- **Short web captions**
•••

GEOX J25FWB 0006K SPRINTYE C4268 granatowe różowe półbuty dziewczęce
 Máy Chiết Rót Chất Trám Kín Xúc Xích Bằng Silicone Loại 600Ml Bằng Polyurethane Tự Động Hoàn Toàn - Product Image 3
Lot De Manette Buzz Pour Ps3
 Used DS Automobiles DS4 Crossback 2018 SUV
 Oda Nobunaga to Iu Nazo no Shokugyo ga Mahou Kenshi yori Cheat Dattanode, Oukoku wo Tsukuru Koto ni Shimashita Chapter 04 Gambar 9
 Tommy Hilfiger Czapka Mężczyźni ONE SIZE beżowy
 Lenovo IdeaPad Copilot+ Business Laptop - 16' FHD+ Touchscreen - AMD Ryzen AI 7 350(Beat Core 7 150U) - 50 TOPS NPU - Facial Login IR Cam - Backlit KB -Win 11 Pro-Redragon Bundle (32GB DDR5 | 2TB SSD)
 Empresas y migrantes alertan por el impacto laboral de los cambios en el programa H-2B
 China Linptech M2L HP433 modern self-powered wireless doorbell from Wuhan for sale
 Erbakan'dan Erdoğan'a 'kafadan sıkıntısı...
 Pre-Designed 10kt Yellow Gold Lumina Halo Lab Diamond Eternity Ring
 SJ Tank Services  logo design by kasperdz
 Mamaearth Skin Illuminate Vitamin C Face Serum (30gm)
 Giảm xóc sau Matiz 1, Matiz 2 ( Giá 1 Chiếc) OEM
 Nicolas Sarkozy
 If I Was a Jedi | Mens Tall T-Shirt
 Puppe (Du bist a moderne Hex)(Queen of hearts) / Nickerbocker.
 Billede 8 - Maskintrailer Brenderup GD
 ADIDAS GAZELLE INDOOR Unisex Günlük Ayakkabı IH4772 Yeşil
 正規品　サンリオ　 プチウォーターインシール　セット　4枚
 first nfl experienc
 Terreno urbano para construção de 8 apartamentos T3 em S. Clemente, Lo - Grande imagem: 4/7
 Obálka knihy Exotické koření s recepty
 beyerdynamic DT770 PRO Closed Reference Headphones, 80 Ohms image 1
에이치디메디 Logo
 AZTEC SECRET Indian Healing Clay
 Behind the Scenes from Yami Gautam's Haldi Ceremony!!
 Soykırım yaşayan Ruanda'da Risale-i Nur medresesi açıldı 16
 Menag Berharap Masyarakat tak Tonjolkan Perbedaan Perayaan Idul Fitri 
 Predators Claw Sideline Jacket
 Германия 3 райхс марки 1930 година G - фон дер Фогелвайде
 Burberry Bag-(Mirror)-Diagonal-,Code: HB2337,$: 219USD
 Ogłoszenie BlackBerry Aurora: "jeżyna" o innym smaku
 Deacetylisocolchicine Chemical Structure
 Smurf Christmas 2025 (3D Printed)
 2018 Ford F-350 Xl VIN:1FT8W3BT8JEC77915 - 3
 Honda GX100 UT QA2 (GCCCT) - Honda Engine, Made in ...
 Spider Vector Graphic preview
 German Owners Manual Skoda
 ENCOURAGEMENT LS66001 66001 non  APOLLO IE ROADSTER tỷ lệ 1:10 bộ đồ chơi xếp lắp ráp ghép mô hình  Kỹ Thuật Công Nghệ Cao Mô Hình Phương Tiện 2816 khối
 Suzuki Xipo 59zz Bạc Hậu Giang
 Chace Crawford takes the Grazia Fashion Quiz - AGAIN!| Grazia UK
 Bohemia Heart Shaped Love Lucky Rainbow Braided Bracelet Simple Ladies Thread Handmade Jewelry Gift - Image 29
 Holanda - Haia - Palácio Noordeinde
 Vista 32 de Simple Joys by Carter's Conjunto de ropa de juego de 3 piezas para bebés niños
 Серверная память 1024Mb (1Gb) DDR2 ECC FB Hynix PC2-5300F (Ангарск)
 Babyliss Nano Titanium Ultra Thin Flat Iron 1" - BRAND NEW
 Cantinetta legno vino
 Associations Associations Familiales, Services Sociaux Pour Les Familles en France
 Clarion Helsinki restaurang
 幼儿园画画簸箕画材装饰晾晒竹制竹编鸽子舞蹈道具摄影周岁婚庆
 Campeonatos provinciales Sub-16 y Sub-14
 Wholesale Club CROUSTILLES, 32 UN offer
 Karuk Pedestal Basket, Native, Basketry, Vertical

•••

- **Work request**
Look over the entries for "Pour", then copy every line that includes that string.

- **Answer space**
Lot De Manette Buzz Pour Ps3
 Associations Associations Familiales, Services Sociaux Pour Les Familles en France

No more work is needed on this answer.